If Norg withheld communications documenting a plea agreement being misrepresented or a procedural error being concealed in a prior Barry County matter, those communications are potentially Giglio material in every active case he is prosecuting now. Giglio material includes anything that impeaches the credibility of a government witness or, by extension, the integrity of the prosecutor’s own representations to the court. A prosecutor with a documented pattern of denying the existence of communications on the court record and to the AGC, while multiple actors with direct knowledge confirm those communications exist, has a credibility problem that is constitutionally relevant to every case he touches.

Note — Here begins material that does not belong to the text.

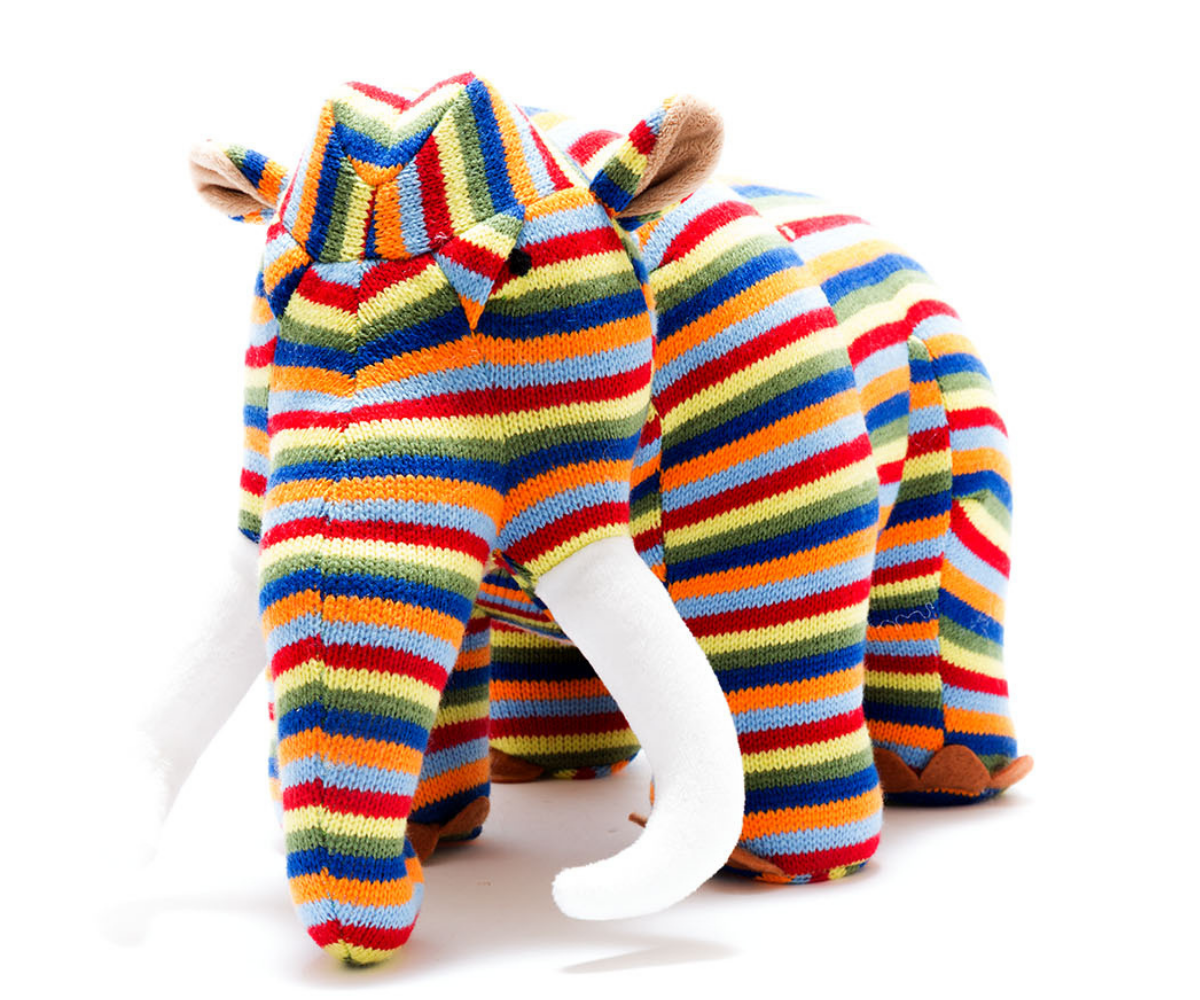 Knitted multi stripe woolly mammoth dinosaur soft toy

The Brady implication is equally direct. If the withheld communications relate to how plea agreements were structured or represented in the Barry County matter, that pattern of conduct is relevant to how Norg handles plea negotiations in current Kalamazoo County cases. If sentencing expectations were misrepresented to a defendant in Barry County and the documentation was concealed for three years, the question every defense attorney in Kalamazoo County should be asking right now is whether the same thing is happening to their client.
Christopher Elsworth’s Giglio exposure in Kalamazoo County Family Court is a different category but no less serious. Family court proceedings are not criminal prosecutions, but they involve representations to judges about facts that determine outcomes for children and families. An attorney who denied the existence of communications on the court record and to the AGC in a prior matter is an attorney whose representations in current family court proceedings carry a documented credibility risk. Judges presiding over matters in which Elsworth appears are entitled to know that risk exists. It is now documented and public.

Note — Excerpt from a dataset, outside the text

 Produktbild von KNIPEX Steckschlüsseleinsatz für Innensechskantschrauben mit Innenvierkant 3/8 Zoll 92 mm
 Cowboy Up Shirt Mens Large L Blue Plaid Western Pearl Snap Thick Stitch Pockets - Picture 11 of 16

The Sideways Move: How Michigan Manages Officials It Will Not Discipline
There is a pattern in how Michigan’s legal system handles officials with documented misconduct exposure that stops short of formal discipline. It does not fire them. It does not publicly sanction them. It moves them sideways. Away from the most visible cases. Away from the scrutiny that accumulates in criminal court. Into roles where the caseload is different, the oversight is lighter, and the paper trail starts fresh.
Judge Kirsten Nielsen Hartig is the most recent documented example. Clutch Justice reported on JTC Formal Complaint No. 109 against Hartig, with the master’s report filed June 9, 2026. Following the JTC proceedings, Hartig was moved off criminal cases. No public discipline. No formal removal. A sideways move that kept her on the bench, kept her licensed, and kept the formal record of accountability from ever fully materializing.

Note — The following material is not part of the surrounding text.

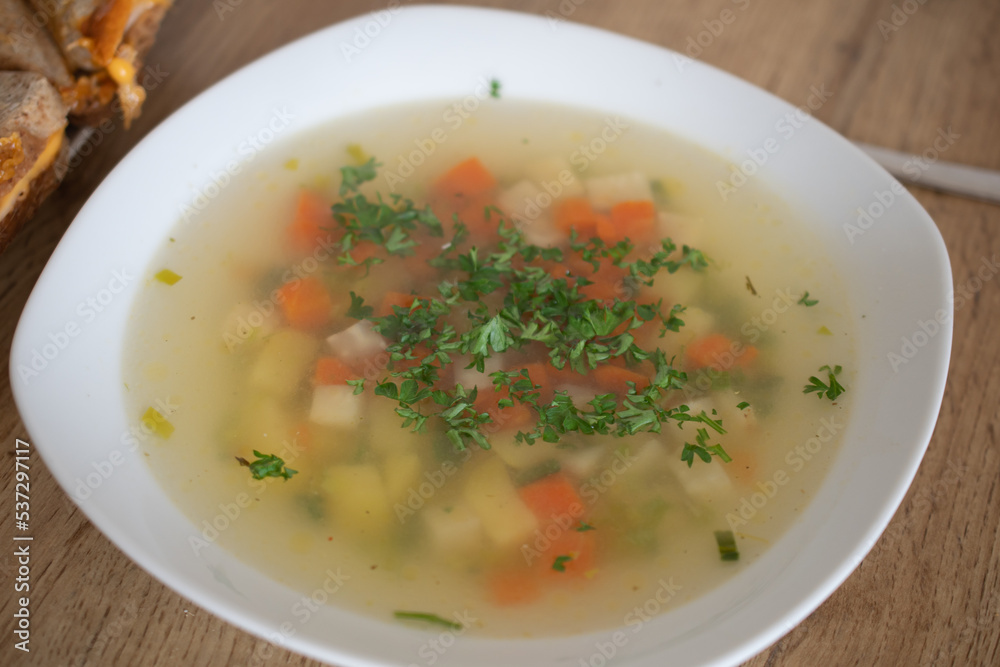 Diet vegetable soup in a bowl Diet vegetable soup in a bowl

Elsworth’s trajectory follows the same pattern with striking precision. Nearly 20 years as a criminal APA in Barry County. Documented declinations in the Megan Moryc matter, where no recorded victim interview was conducted. Documented declination in the Richelle Spencer matter, where the failure to act deferred harm to a second victim in a different county. Denial of plea communications on the Barry County court record in December 2023. Denial of those same communications to the AGC. Michigan Supreme Court complaint filed December 2024 naming him and Judge Schipper. Move to Kalamazoo County in January 2025, one month later. Not criminal prosecution. Family court. Where the cases involve children and vulnerable families, the media coverage is lighter, and the connection to his Barry County criminal record is less obvious to the families appearing before him.
That is not a coincidence. That is a managed transition. The question is who managed it, who knew about the misconduct exposure that preceded it, and whether the Kalamazoo County Prosecuting Attorney’s Office conducted any inquiry into Elsworth’s Barry County record before placing him in a role handling matters involving children. Getting has not answered that question. The silence is its own answer.
Jeffrey Getting is an elected official. He is also a supervising attorney under Michigan’s Rules of Professional Conduct. MRPC 5.1 requires supervising attorneys to make reasonable efforts to ensure that attorneys under their supervision comply with the rules of professional conduct. That obligation is not satisfied by not asking questions. It requires affirmative steps to ensure compliance, particularly when information about a subordinate’s prior conduct is reasonably available.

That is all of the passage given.